• _Task item_: Once the line with "Отель Casa Giulia" is found, write it out along with each later line exactly, through the end of the entries, skipping every picture.

Image-text web data:
++++++++
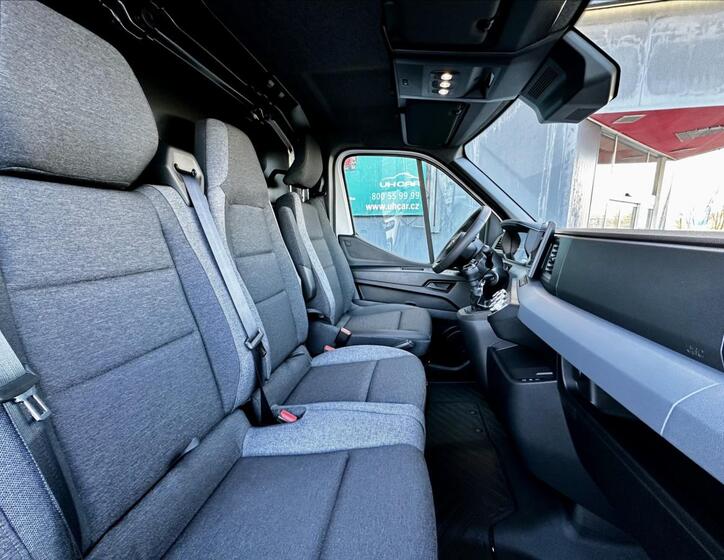 Nissan Interstar 4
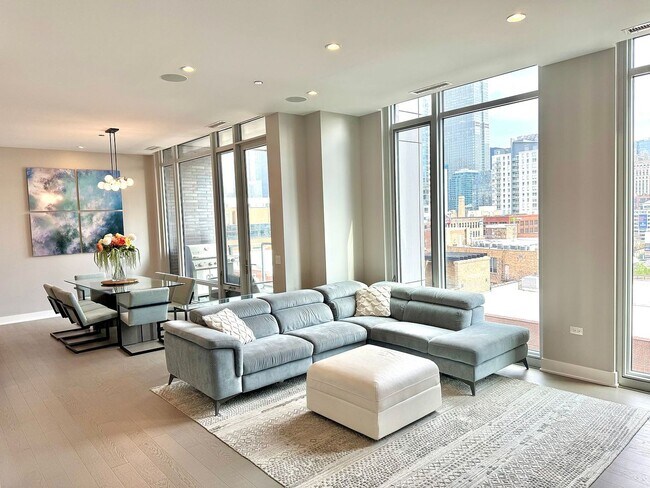 Foto del edificio - 360 W Erie St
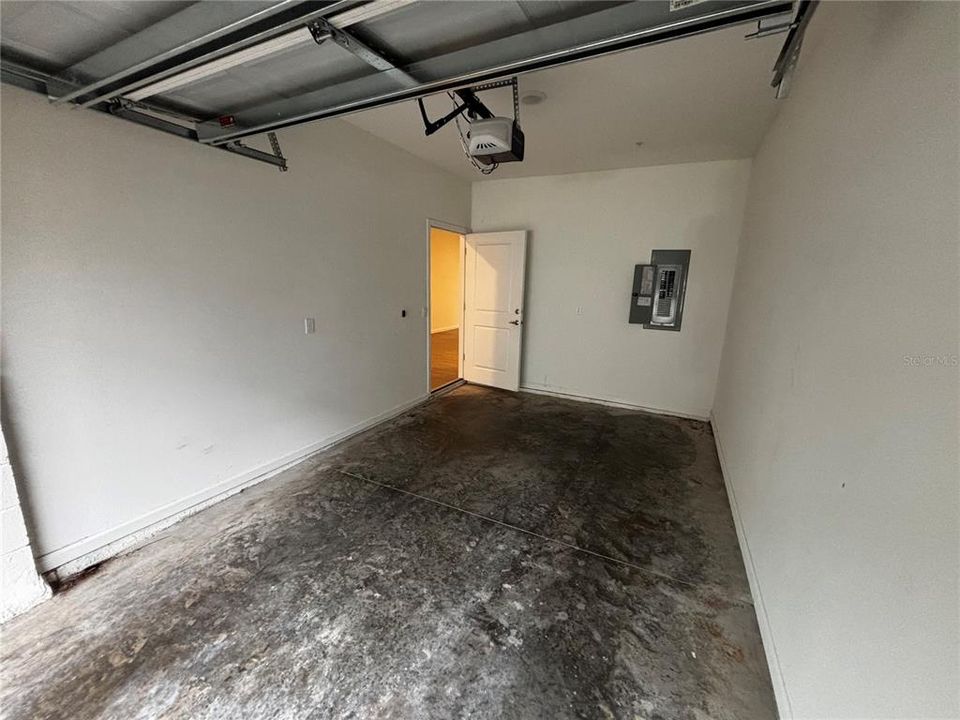 En Renta: $2,150 (3 camas, 2 baños, 1687 Pies cuadrados)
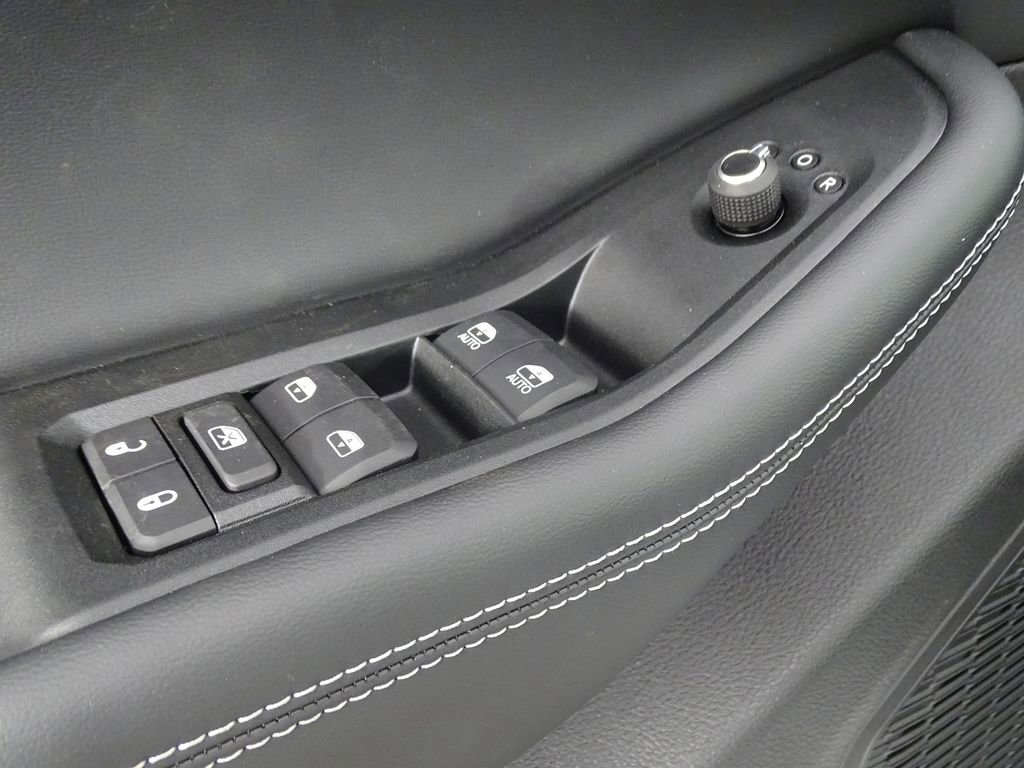 New 2025 Jeep Grand Cherokee Altitude image 19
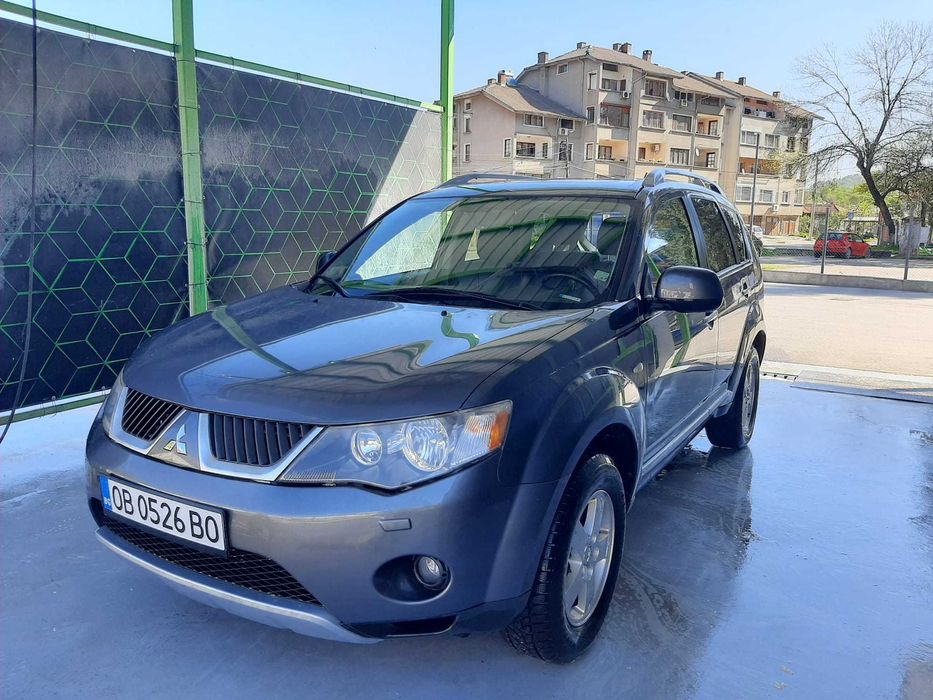 Mitsubishi aoutlander 7 места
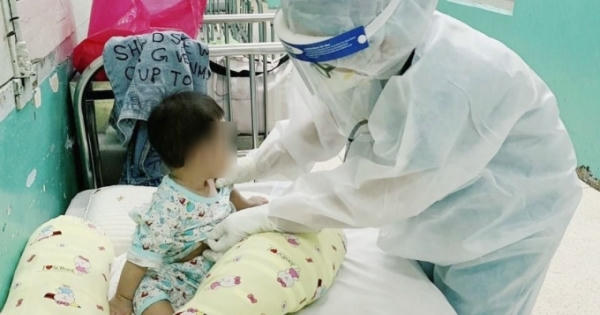 Bộ Y tế hoả tốc yêu cầu không tiêm vắc xin cho trẻ em dưới 18 tuổi Bộ Y tế hoả tốc yêu cầu không tiêm vắc xin cho trẻ em dưới 18 tuổi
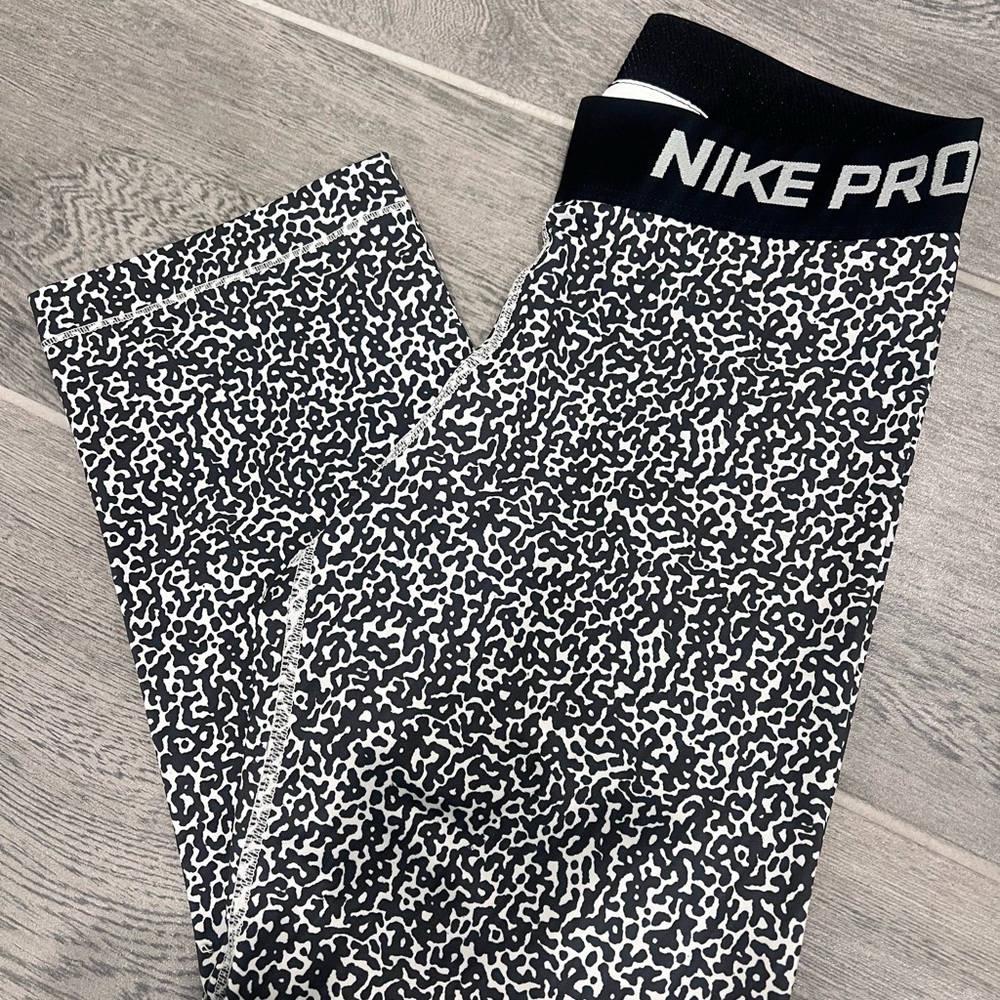 Nike Kids Black and White Patterned Leggings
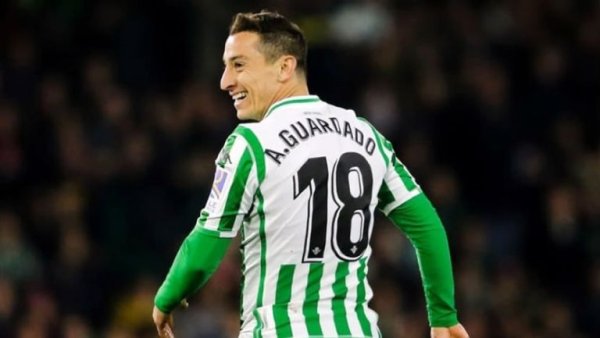 Andrés Guardado renueva por una temporada más con el Betis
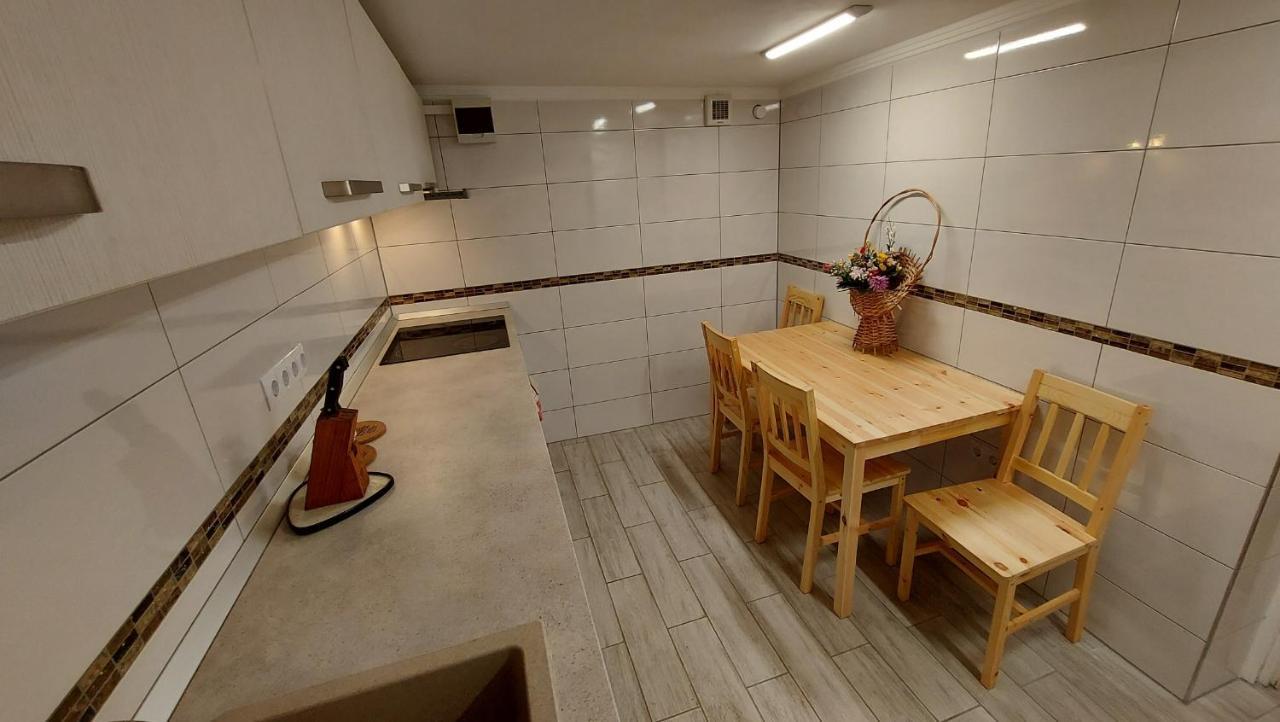 Отель Casa Giulia Бэи­ле-Олэ­неш­ти Экстерьер фото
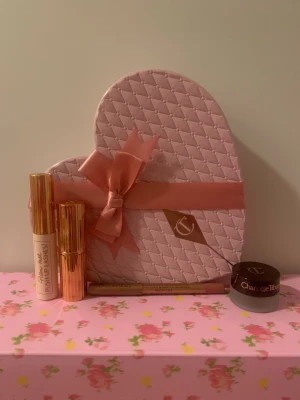 Charlotte Tilbury Icons On The Go kit - Nytt och oanvänt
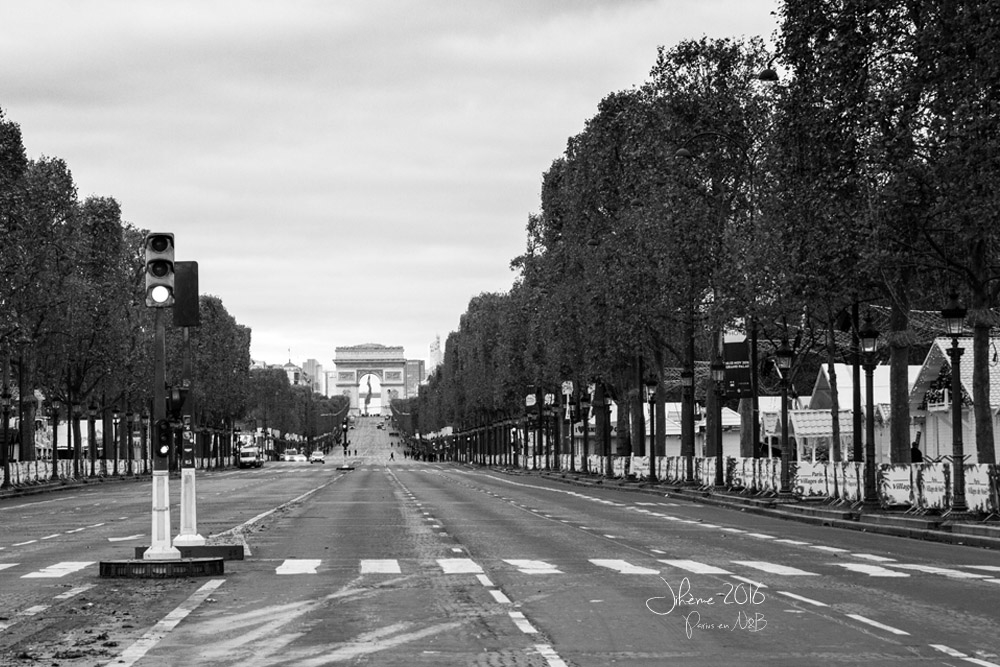 691896807_2016parisennbjourdefte.jpg.7d4f021051bd3abe7fc0ccb93a856052.jpg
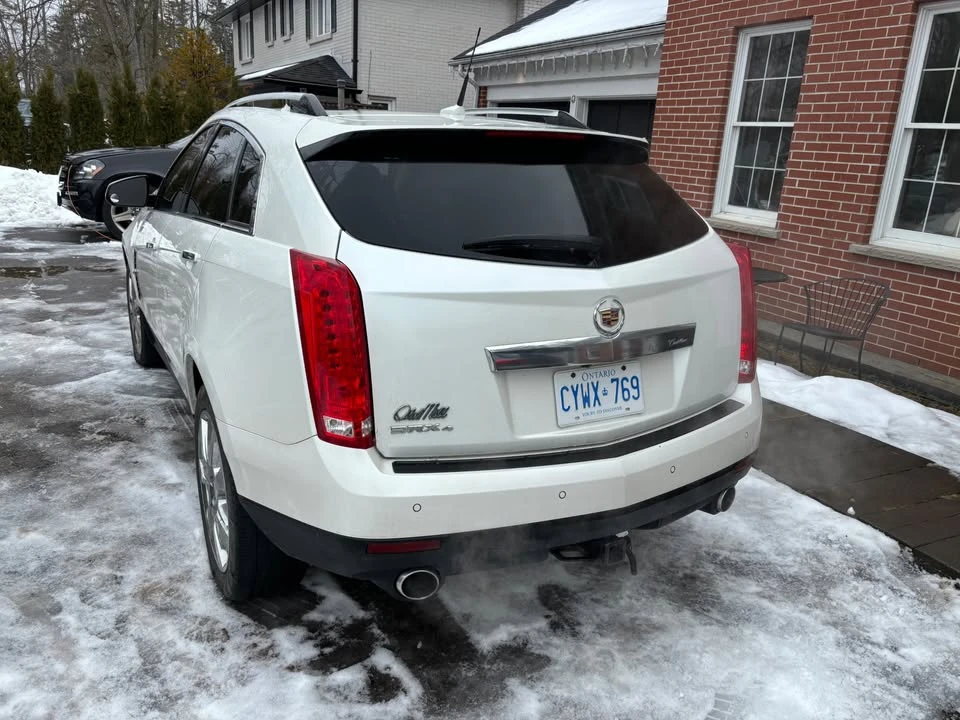 2011 Cadillac SRX - Image 2 of 7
++++++++
• _Written solution_:
 Отель Casa Giulia Бэи­ле-Олэ­неш­ти Экстерьер фото
 Charlotte Tilbury Icons On The Go kit - Nytt och oanvänt
 691896807_2016parisennbjourdefte.jpg.7d4f021051bd3abe7fc0ccb93a856052.jpg
 2011 Cadillac SRX - Image 2 of 7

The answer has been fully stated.